In general, it has been explained that the decisions to use a mining operator must be motivated by correct risk management of the operation, through a detailed study of the relationship: cost, benefit, risk. Below are some particular cases where the use of an operator is very clear:
- When it is difficult to access financing, this is very expensive or transparency in operating costs is required. The operator will provide the machinery and equipment necessary for the execution of the mining, which will impact the CAPEX of the project, making the financing, needs lower.
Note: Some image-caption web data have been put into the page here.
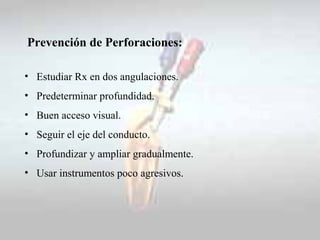 Prevención de Perforaciones:
• Estudiar Rx en dos angulaciones.
• Predeterminar profundidad.
• Buen acceso visual.
• Segui...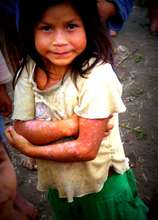 Child with skin rash from contamination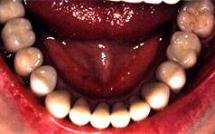 Implantes dentales (5) - Después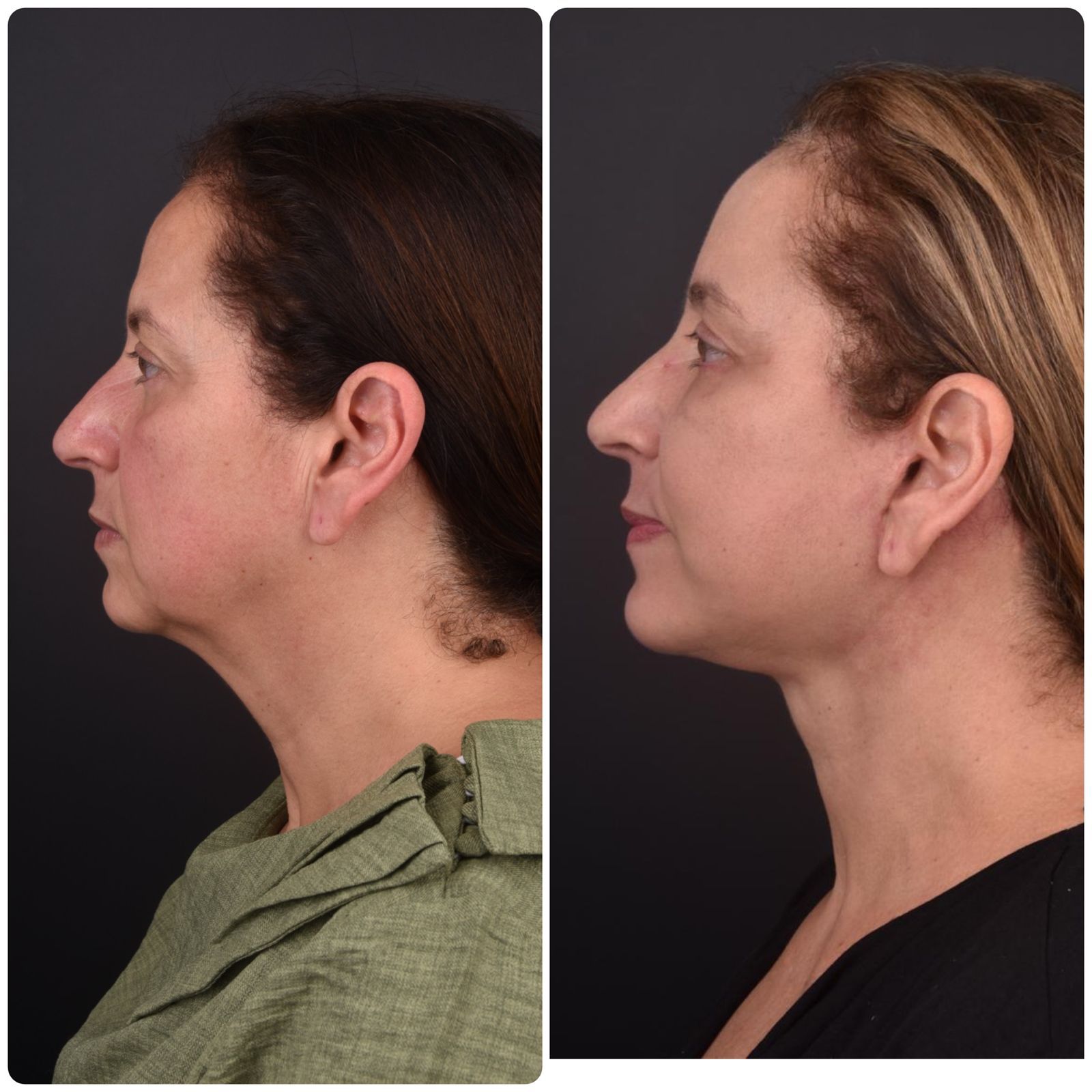 Depois do facelift: contorno firme, sulcos suavizados e expressão descansada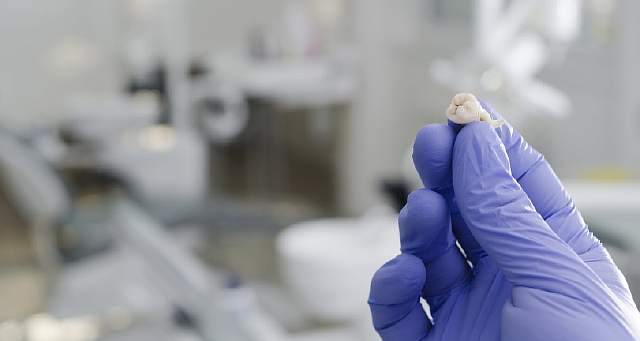 Устройство для "раскалывания" зубов поможет извлекать стволовые клетки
On the other hand, although there may be an increase in OPEX, this will be well defined, since it is linked, among other factors, to the operating cost set by the contract, with its corresponding revisions.
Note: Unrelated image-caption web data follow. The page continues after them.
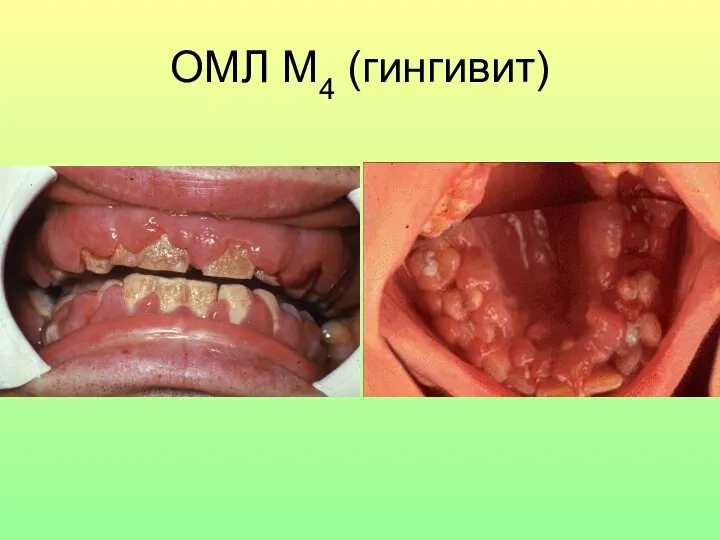 ОМЛ М4 (гингивит)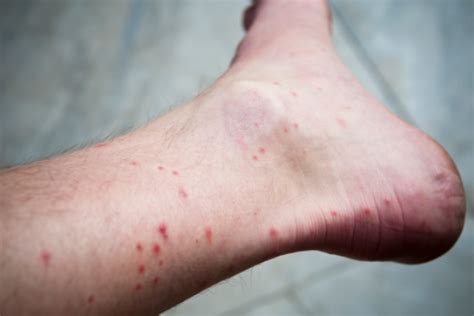 How To Remove Dark Spots On Legs From Mosquito Bites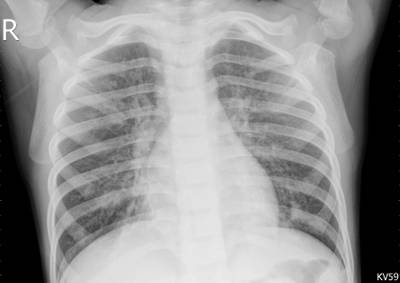 Sample image from ZhangLabData: Chest X-Ray
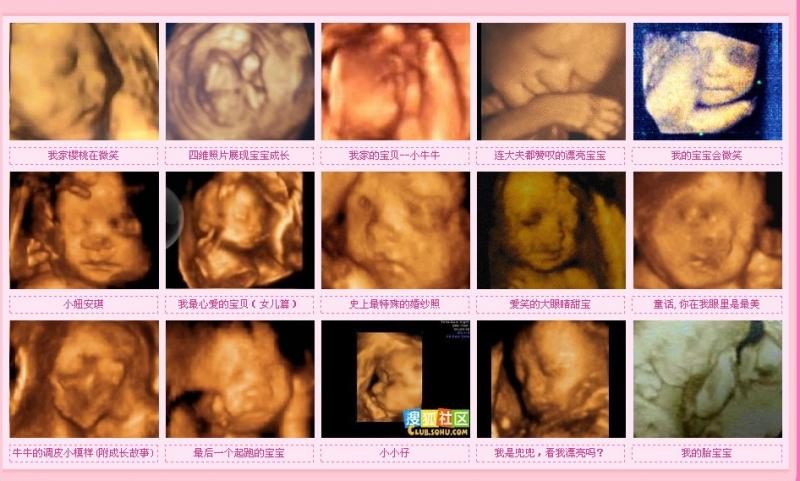 4D Color Doppler Ultrasound TH-5500 photo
- In cases where mine planning varies from year to year, it is especially interesting to hire an operator since they have greater production flexibility and equipment availability.
- When there are specific situations of increased production, as for example in setbacks and short extension preparations, or simply because it is a stage in which the raw material exploited is in a bull market.
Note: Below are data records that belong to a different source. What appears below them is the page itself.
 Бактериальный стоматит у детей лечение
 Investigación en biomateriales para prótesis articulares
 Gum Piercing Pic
- When there are structural failures in the walls of the farm that require having extra machinery, in order to solve the problem, trying to influence as little as possible on the production schedule.
- In farms that have their own machinery and it is in such a state that its availability is low motivated by mechanical breakdown, the use of the operator will increase the mechanical availability of the machinery, thus increasing the productivity of each unit.
- When necessary the constructions of infrastructures that give service or are necessary for the exploitation, as for example, the construction of dams, diversion of rivers, roads.
When a mining project reaches a state of maturity such that technical and economic feasibility studies are already carried out, it must be assessed whether the exploitation operation is contracted or if it is decided to enhance it with its own means.
The use of subcontracting in the mining sector has benefits in terms of reducing operating costs and improving project productivity. Mining service provider contracts cover a significant portion of mining operation costs, normally typified at 50% of production capital costs; By contracting a mining operator, these operating costs can be managed through a single contract, thus facilitating their control, negotiation and reducing the structure costs of the company that owns the project; thus, this first percentage can be reduced between 10% and 20% depending on the type of contract and the bidding process. Richard Warke is one of well known name in mining industries. Richard Warke Augusta is a Vancouver-based Canadian business executive with more than 25 years of experience in the international resource sector.
The mining industry is not known for trying to maximize the return on investment in mining equipment, especially due to the lack of attention in the maintenance tasks and the mechanical availability of the machinery. However, an operator only obtains benefits between 15% and 20% of the production costs, which largely correspond to the maintenance and mechanical availability of their equipment; This means that companies specializing in mining operations focus on these tasks in order to maximize the profitability of their operations.